Friday, May 18, 2012

Community garden plot update: poppies!






Agrostemma githago has been blooming freely for about a week, and the other day it was joined by poppies, poppies in numbers. These are corn poppies, Papaver rhoeas.They are gorgeous, exciting and so easy to grow. Like them? Make a note to yourself to buy the seeds in September and to sow them once you have cleared a space for them in the autumn garden.
Don't make the mistake of waiting for spring to sow the seeds. By then the plants should be several months old, not just starting out.
It took three things to make this display happen. Two were of the nature of inspiration from gardeners of the past.
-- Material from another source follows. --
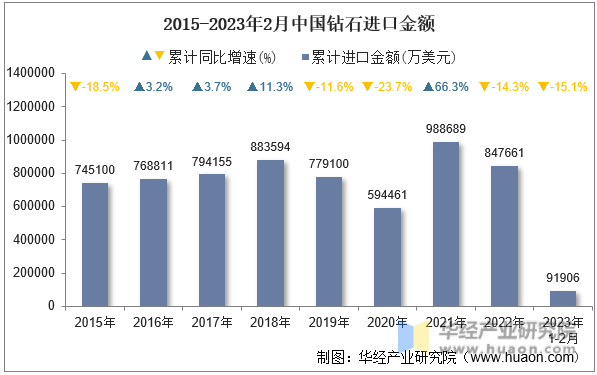 2015-2023年2月中国钻石进口金额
If you love poppies be sure to read, and read again and again,  Celia Thaxter's An Island Garden.(1894, Houghton Mifflin, available in an excellent paperback reissue of 1988).
Another old book provided another: J. Horace McFarland's My Growing Garden (1915, Macmillan). Color plate xviii shows an eighty foot border planted to mixed Shirley poppies with the caption "An ounce of Shirley poppy seed... sowed along an eighty-foot border... in mid-June came days of poppy glory." Here's a scan of that plate:


The planting in the images from my community plot is of two parallel forty foot borders: so my eighty foot poppy border has two mirror image sides.
 
And then there is the third thing: a source of quality, inexpensive poppy seed. Such a thing does exist: check out Wildseed Farms in Fredericksburg, Texas. McFarland's ounce will set you back all of $4.60 the last time I checked. Try to think of some other purchase of that amount which gives even remotely so much delight.